風呂から上がり、ログハウスに戻ると、俺たちは練習はせずに寝室に向かった。さすがに風呂に入ってから練習はしない。というより、ベースが心配だ。指で弾くわけだから、剥けやすい。
「もう入っちゃおーっと」
咲希が布団に入った。早いな。
「まだ7時だよ?」
「私も入ろっかな」
「あ、じゃあ俺も」
一歌に続くように言った。今日は一歌と同じ布団。一歌が一緒がいいって言ったのもあるし、俺が一緒に寝たいのもある。
「咲希って結構子どもっぽかったりするか?」
「えーっ?ないよぉ」
「ちょっとはあるでしょ」
志歩がすかさず突っ込む。
「ホントに?」
「多分?」
「リンっぽいもんな」
リン。うん。イメージが近い。
「リンはなんか最近の女子高生って感じかな」
「同じような感じだけどね」
穂波も言った。
「咲希ちゃん、悪い意味じゃないよ?」
「だといいけどっ」
咲希が頬を膨らませた。それを一歌がふふっと笑った。
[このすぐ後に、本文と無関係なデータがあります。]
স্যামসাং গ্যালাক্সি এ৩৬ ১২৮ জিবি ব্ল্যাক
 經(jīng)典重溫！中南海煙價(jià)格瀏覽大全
それに続いて、俺と志歩、穂波も笑い始めた。
「君らといると楽しいな」
「ずっと笑顔だもんね」
一歌が少し俺に寄った気がした。みんなと俺が話してるからヤキモチかな?かわいい子だなぁ。もう少しもてあそぼうかな?
「穂波はドラムやってて困ったことあるか?」
「困ったことっていうか、大きな音に驚かなくなったかな」
「それっていいことなのかな」
咲希が言った。たしかにいいことではないかもしれない。
「それより、穂波って怖い物があんまりなさそうなんだけど」
志歩が言う。
「そんなことないよ?あ、柊くんはなんか怖い物ある?」
「俺?俺はあんまりないかな。あ、けどお化け屋敷は苦手かな」
「へぇ、なんか意外」
志歩が興味深そうに言った。穂波も頷いていた。
「お化け屋敷、平気そうに入りそうだけど」
咲希が言った。正反対のことだな。
「リアクションはしない。放心状態になるから」
「放心状態になったら出るまでずっと?」
穂波が俺に少し近づいて言った。穂波はうつ伏せで顔をこっちに向けている。みんなそんな体勢だけど。
「ずっとだね。というか出てもそのままなことある」
「ふーん、一歌のことエスコートしそうだったのに」
志歩が一歌を見て言った。
「え、私を?」
「いやぁ、できなかったな。お化け屋敷は頑張れ。俺は入れないから」
一歌は少し話したけど足りなかったらしく、またくっついた。今度は俺の服を少し引っ張っていた。かわいい……
「あ、みんな飲み物いる?夜の話って盛り上がるでしょ?」
「あ、私も行く!」
「私も行こっかな」
「あ、じゃあ俺も」
「えっ、じゃあ、私も」
4人が布団から出てきた。5人で用意されていた飲み物を取りにキッチンへ。
冷蔵庫の中には4日分にちょうどいい飲み物と調味料が入っていた。飲み物は未開封のオレンジジュース、アルコール度数の低い酒、炭酸飲料、お茶。調味料は醤油など。
「何飲もっかな~」
「無難にオレンジジュースとか?あ、柊くんはお酒の方が良いかな」
「あ、俺お酒ダメなんだよ。君らを襲ってもいいんだったら別だけど」
「じゃあダメだね」
穂波がきっぱり言った。
「俺はみんなに合わせよっかな」
「じゃあオレンジジュースにしようか?」
「いいね!志歩ちゃんといっちゃんは?」
「私もいいよ。一歌は」
「え、あ、私もいいよ」
一歌は俺の方をずっと見ていた。俺からは少し距離をとってたけど。
「じゃあ、いこっか」
俺たちは寝室に戻った。
一歌は俺の後ろで咲希と話していたが、たまに視線を感じた。